Anonymous wrote:Jarritos
I’ll drink them, bake with them, and use them as a cocktail mixer.
Anonymous wrote:Chik-fil-a is a family fave. I really like their Market Salad and my kids could live on their nuggets.
Anonymous wrote:Anonymous wrote:Anonymous wrote:I love ikea.
I. Love. IKEA.
I am legit fascinated by the PP who’s eating freaking rainbow trout in a furniture store. But not in a judgey way. It makes me want to try it.
I am not one of those people, mainly because I am too full of meatballs to try anything else.
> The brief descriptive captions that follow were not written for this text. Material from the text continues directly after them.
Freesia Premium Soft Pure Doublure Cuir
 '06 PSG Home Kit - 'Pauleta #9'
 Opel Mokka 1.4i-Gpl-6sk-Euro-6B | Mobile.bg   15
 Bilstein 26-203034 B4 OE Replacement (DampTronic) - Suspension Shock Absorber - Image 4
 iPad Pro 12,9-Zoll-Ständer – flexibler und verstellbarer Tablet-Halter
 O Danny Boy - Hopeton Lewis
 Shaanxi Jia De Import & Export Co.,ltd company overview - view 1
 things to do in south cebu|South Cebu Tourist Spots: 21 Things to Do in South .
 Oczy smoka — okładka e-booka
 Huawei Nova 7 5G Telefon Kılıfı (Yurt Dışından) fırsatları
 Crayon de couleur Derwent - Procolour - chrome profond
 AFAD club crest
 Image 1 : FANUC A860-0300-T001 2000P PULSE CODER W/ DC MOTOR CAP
When my kids were little and sometimes annoying, and my DH was working weekends, an afternoon in the ball pit while I "shopped" and then picked them up to eat meatballs was like a mini vacation.
Anonymous wrote:Chili's. Appetizers and cheap beers.
Anonymous wrote:For our family, a summer vacation road trip to anywhere isn't possible without an afternoon stop at Dairy Queen. I have one kid who always gets a peanut butter parfait, one who gets some kind of root beer float (coke float?), and my spouse and I go for Blizzards (although he gets a huge one and I go for kiddie size).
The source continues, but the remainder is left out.